Receivable turnover is a measure of how quickly a company is collecting its sales that were made on credit (i.e., sales for which cash payment was delayed until after the sale date). Factors impacting receivable turnover include:
- Credit terms. If a company offers credit to essentially all customers, then some customers will delay their payments or never pay at all. Conversely, a tight credit policy accelerates receivable turnover.
- Collection persistence. A company that persistently contacts its customers for payment will reduce the amount of receivable turnover.
- Billing accuracy. If invoices to customers contain errors or are sent to the wrong address or person, then payment will be delayed.
- Industry practice. If customers within a certain industry are accustomed to delayed payments, this attitude may persist even for those companies attempting to accelerate payment.
The calculation of receivable turnover is to divide net credit sales for the year by the average amount of accounts receivable outstanding during that period. Average accounts receivable is usually calculated as the sum of the beginning and ending accounts receivable, divided by two.

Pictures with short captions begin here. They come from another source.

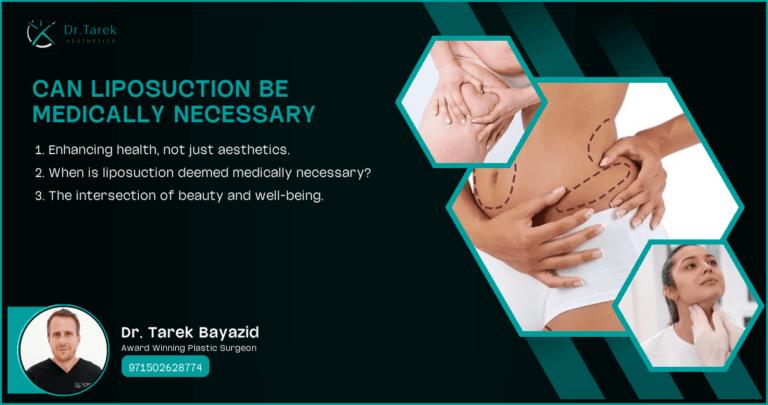 Can-Liposuction-Be-Medically-Necessary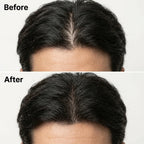 Korean Scalp Revival Bar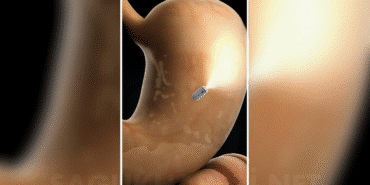 endoskopi tarih oluyor Yapay Zekâlı Kapsül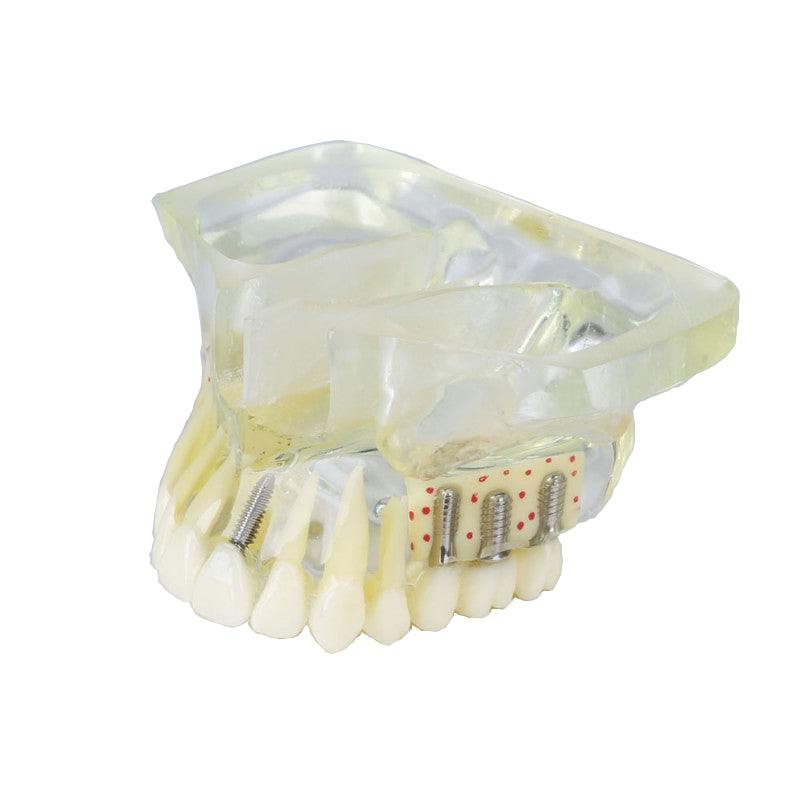 Dental Implant Model Upper Jaw Model Restoration Model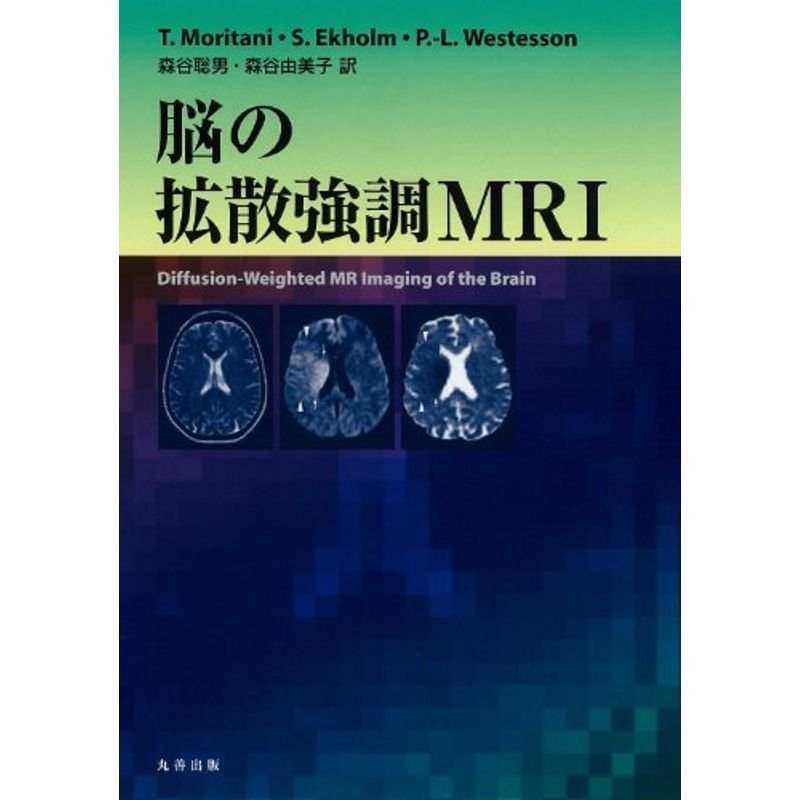 脳の拡散強調MRI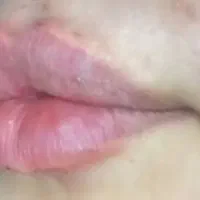 تزریق ژل و بوتاکس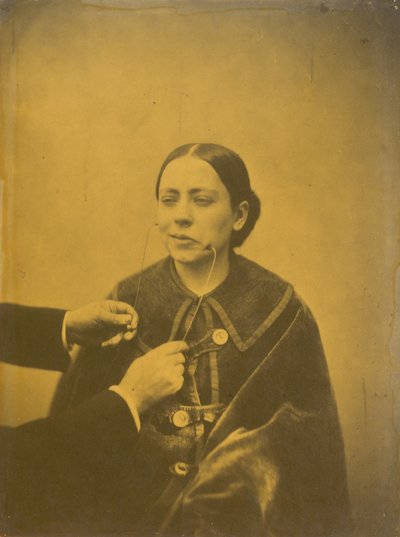 Dégoût méprisant (à gauche) ; Rire méprisant (à droite),1854-1856, imprimé en 1862 (photo) - Guillaume-Benjamin-Armand Duchenne de Boulogne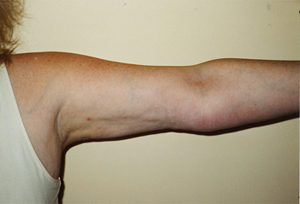 Arms Liposuction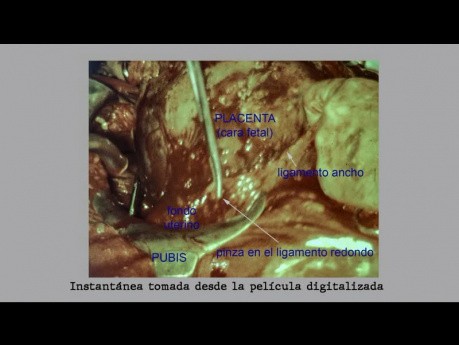 Abdominalgravidität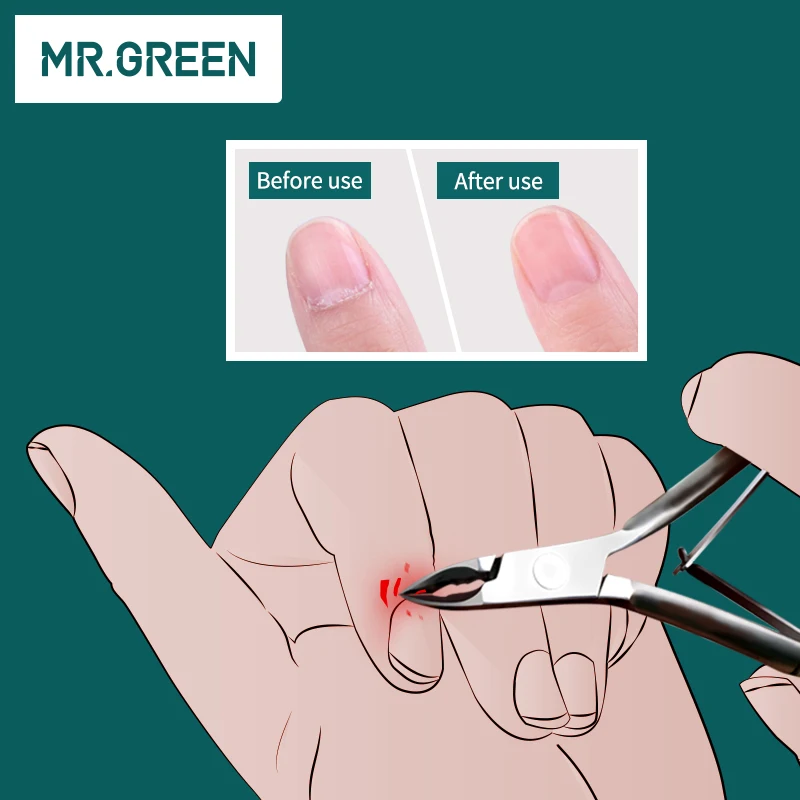 MR.GREEN Pinzas para cutículas Manicura de uñas Tijeras para cutículas Clippers Recortador Removedor de piel muerta Pedicura Herramienta de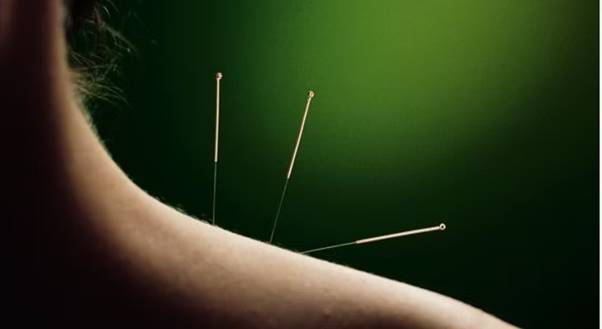 Aromatherapy essential oils and acupuncture needles for holistic wellness.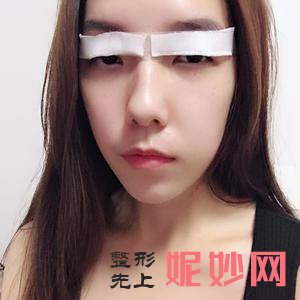 北京安贞医院激光整形科蒋建婷医生技术好不好_根管治疗技术好不好_出诊时间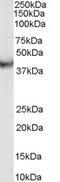 Vacuolar protein sorting-associated protein 37C antibody, LS-B4930, Lifespan Biosciences, Western Blot image 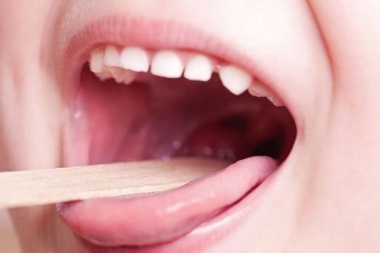 Streptococcus: Salud pide tranquilidad y recuerda que no hay brote epidemiológico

Thus, the receivable turnover formula is:
Net annual credit sales / ((beginning receivables + ending receivables) / 2)
A high turnover figure indicates that a business has the ability to collect accounts receivable from its customers very quickly, while a low turnover figure indicates the reverse. You should track the receivable turnover metric on a trend line in order to see gradual changes in turnover performance that might not be so obvious if you were to only calculate it occasionally.
If you want to convert the receivable turnover figure into days of accounts receivable outstanding, just divide the turnover amount into 365 days. Thus, a turnover of 8.0 equates to 45.6 days of accounts receivable outstanding (calculated as 365 days / 8.0 turnover).
For example, ABC International had $2,880,000 of net credit sales in its most recent 12-month period, and the average accounts receivable during that period was $480,000. The receivable turnover is 6.0 (calculated as $2,880,000 annual net credit sales divided by $480,000 average accounts receivable). This turnover translates into 60.8 days of accounts receivable outstanding (calculated as 365 days / 6.0 turns).
You should not rely solely upon the receivable turnover calculation to evaluate the ability of a company to collect its accounts receivable, since this metric is only an average of the individual accounts receivable. You should also investigate the aged accounts receivable report to gain a clear understanding of the status of a company's collections.